[apparmor] [Patch] Fix date time log parsing for 2.8.1

Tue Jan 8 19:39:18 UTC 2013

On 01/08/2013 10:56 AM, Seth Arnold wrote:
> On Tue, Jan 08, 2013 at 04:18:31AM -0800, John Johansen wrote:
>> The following patch extends the libraries log parsing to support more date
>> time formats.
> 
> I haven't tested the code but it reads very clearly. One slight concern
> lower:
> 
>>  /* syslog tokens */
>>  syslog_kernel		kernel{colon}
>> +syslog_yyyymmdd		{digit}{4}{minus}{digit}{2}{minus}{digit}{2}
>> +syslog_date		{syslog_yyyymmdd}
>>  syslog_month 		Jan(uary)?|Feb(ruary)?|Mar(ch)?|Apr(il)?|May|Jun(e)?|Jul(y)?|Aug(ust)?|Sep(tember)?|Oct(ober)?|Nov(ember)?|Dec(ember)?
>> -syslog_time 		{digits}{digits}{colon}{digits}{digits}{colon}{digits}{digits}
>> +hhmmss			{digit}{2}{colon}{digit}{2}{colon}{digit}{2}
>> +timezone		({plus}|{minus}){digit}{2}{colon}{digit}{2}
>> +syslog_time 		{hhmmss}({period}{digits})?{timezone}?
>>  syslog_hostname		[[:alnum:]_-]+
>>  dmesg_timestamp		\[[[:digit:] ]{5,}\.[[:digit:]]{6,}\]
> 
>>  {syslog_kernel}		{ BEGIN(dmesg_timestamp); return(TOK_SYSLOG_KERNEL); }
>>  {syslog_month}		{ yylval->t_str = strdup(yytext); return(TOK_DATE_MONTH); }
>> -{syslog_time}		{ yylval->t_str = strdup(yytext); BEGIN(hostname); return(TOK_DATE_TIME); }
>> +{syslog_date}		{ yylval->t_str = strdup(yytext); return(TOK_DATE); }
>> +{syslog_date}T/{syslog_time}	{ yylval->t_str = strndup(yytext, strlen(yytext)-1); return(TOK_DATE); }
> 
> This introduces a trailing context with variable length; I couldn't
> verify from the flex docs if the performance problem with variable
> trailing context comes from not knowing the length of the leading and
> trailing portions or just not knowing the length of the trailing
> portion.
> 
> It's probably not a large concern, since parsing these correctly is more
> important than parsing them at high speed :) but if it does turn into a
> slow point, keep in mind that we can always re-write these rules to
> remove the variable length.
> 
variable length trailing context is a bit of a concern but not much. It
should only introduce a slow down when the leading context is matched and
the amount of slowdown really depends on input caching. Basically there
are two parts to the slow down
  1. the trailing context gets walked twice.  Once when doing the trailing
     context is matched, and then again after the head is rewound on the
     next match.
  2. the input head needs to be moved back, which means flex has to do
     stuff with input buffering, dynamic allocations etc.

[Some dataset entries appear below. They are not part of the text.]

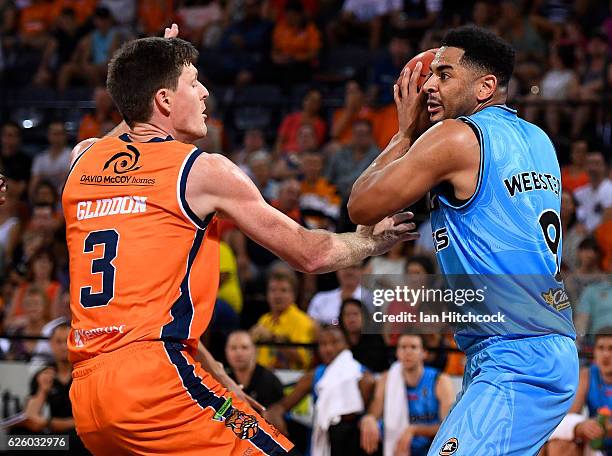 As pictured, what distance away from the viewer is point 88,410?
148 inches

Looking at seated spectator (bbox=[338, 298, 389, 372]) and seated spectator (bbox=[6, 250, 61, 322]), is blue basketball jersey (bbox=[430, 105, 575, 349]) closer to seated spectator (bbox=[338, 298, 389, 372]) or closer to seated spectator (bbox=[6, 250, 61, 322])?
seated spectator (bbox=[338, 298, 389, 372])

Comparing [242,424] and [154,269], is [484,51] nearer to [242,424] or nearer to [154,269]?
[154,269]

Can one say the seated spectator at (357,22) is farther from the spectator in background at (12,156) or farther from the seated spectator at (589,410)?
the seated spectator at (589,410)

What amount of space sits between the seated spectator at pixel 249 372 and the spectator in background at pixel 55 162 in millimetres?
5085

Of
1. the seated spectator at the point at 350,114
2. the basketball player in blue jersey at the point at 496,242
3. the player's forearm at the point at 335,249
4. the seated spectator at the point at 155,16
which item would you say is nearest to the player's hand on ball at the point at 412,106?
the basketball player in blue jersey at the point at 496,242

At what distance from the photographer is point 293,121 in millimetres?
12398

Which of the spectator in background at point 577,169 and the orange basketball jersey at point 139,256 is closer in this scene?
the orange basketball jersey at point 139,256

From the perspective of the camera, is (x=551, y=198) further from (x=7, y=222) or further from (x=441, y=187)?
(x=7, y=222)

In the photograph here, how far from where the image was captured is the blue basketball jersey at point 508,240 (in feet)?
13.2

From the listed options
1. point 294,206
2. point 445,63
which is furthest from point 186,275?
point 294,206

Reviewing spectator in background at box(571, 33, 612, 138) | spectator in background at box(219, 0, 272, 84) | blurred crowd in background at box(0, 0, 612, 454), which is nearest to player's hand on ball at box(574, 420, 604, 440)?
blurred crowd in background at box(0, 0, 612, 454)

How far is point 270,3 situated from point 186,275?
36.2 ft

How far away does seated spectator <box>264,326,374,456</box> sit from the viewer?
Result: 7.65 metres

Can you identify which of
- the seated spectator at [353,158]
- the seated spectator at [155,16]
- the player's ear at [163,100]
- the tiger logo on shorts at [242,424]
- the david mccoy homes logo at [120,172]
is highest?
the seated spectator at [155,16] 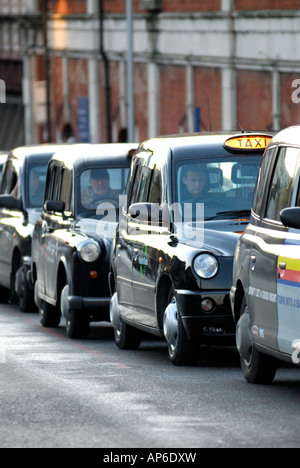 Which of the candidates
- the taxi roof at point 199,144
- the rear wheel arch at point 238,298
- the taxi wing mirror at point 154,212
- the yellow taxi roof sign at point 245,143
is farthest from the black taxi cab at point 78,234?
the rear wheel arch at point 238,298

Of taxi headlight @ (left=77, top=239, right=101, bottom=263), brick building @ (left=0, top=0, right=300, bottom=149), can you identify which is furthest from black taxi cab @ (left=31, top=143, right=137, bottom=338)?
brick building @ (left=0, top=0, right=300, bottom=149)

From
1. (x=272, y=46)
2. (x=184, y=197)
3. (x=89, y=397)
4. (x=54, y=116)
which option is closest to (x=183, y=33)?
(x=272, y=46)

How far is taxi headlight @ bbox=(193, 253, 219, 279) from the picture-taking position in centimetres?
1247

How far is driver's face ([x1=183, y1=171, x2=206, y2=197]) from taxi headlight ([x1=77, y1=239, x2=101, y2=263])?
7.97ft

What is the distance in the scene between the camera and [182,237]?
13.0 metres

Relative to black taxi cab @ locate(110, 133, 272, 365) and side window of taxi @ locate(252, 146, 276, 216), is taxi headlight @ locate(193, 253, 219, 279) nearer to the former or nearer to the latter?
black taxi cab @ locate(110, 133, 272, 365)

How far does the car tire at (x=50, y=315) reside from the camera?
18.1m

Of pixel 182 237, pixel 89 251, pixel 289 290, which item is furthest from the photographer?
pixel 89 251

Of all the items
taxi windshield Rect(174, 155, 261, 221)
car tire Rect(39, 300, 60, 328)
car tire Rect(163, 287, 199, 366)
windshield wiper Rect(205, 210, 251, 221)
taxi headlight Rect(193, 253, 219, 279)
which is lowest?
car tire Rect(39, 300, 60, 328)

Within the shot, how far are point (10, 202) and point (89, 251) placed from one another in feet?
15.6

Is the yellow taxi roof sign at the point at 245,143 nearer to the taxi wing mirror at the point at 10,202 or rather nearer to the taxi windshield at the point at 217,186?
the taxi windshield at the point at 217,186

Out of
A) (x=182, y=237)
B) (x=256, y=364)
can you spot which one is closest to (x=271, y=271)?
(x=256, y=364)

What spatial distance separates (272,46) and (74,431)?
1042 inches

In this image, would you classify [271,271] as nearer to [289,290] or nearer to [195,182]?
[289,290] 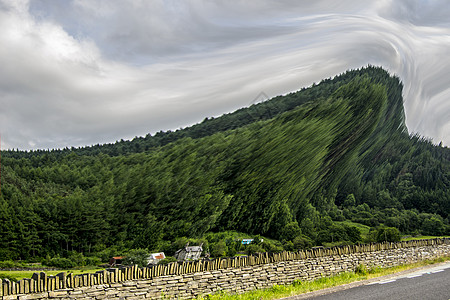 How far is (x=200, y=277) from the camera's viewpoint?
8375 mm

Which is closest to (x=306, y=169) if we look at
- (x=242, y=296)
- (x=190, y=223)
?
(x=190, y=223)

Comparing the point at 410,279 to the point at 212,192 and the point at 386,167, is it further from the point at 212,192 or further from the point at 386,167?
the point at 386,167

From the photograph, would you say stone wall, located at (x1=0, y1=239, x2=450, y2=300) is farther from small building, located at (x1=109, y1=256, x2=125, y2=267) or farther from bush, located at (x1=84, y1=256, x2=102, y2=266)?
bush, located at (x1=84, y1=256, x2=102, y2=266)

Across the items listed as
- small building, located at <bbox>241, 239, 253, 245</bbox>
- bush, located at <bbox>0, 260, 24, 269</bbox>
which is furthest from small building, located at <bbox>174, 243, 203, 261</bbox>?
bush, located at <bbox>0, 260, 24, 269</bbox>

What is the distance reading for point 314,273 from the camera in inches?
434

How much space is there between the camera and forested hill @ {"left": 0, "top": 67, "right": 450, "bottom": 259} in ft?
57.3

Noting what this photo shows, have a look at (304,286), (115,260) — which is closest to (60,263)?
(115,260)

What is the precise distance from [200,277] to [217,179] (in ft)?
60.4

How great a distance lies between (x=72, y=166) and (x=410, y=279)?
52.2 feet

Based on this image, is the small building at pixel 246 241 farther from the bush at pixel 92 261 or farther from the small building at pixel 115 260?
the bush at pixel 92 261

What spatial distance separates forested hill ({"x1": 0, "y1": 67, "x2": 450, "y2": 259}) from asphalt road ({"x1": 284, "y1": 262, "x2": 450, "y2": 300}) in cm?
1309

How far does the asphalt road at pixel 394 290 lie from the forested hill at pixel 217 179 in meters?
13.1

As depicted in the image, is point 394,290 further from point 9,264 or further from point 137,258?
point 9,264

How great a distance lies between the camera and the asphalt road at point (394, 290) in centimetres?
785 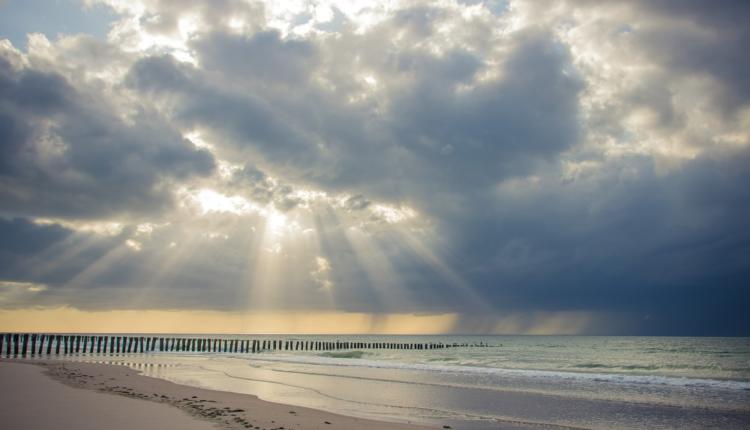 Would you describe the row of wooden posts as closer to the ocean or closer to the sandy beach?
the ocean

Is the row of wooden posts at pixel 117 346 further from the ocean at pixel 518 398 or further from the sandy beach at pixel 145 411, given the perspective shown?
the sandy beach at pixel 145 411

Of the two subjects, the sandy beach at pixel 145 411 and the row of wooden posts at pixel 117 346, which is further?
the row of wooden posts at pixel 117 346

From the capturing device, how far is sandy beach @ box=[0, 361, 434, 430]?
10641mm

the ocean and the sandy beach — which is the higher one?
the sandy beach

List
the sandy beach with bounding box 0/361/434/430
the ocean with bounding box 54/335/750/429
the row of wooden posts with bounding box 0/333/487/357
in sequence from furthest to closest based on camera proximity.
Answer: the row of wooden posts with bounding box 0/333/487/357 < the ocean with bounding box 54/335/750/429 < the sandy beach with bounding box 0/361/434/430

As you noted our trailing context could be expressed as a static pattern,
and doing so would probably speed us up a little bit at the cost of a few
more rules.

I am not really worried though as the variable length trailing context does
have a finite maximum length that is fairly short, so even if flex has to
do some allocations for buffer management it should not be significant.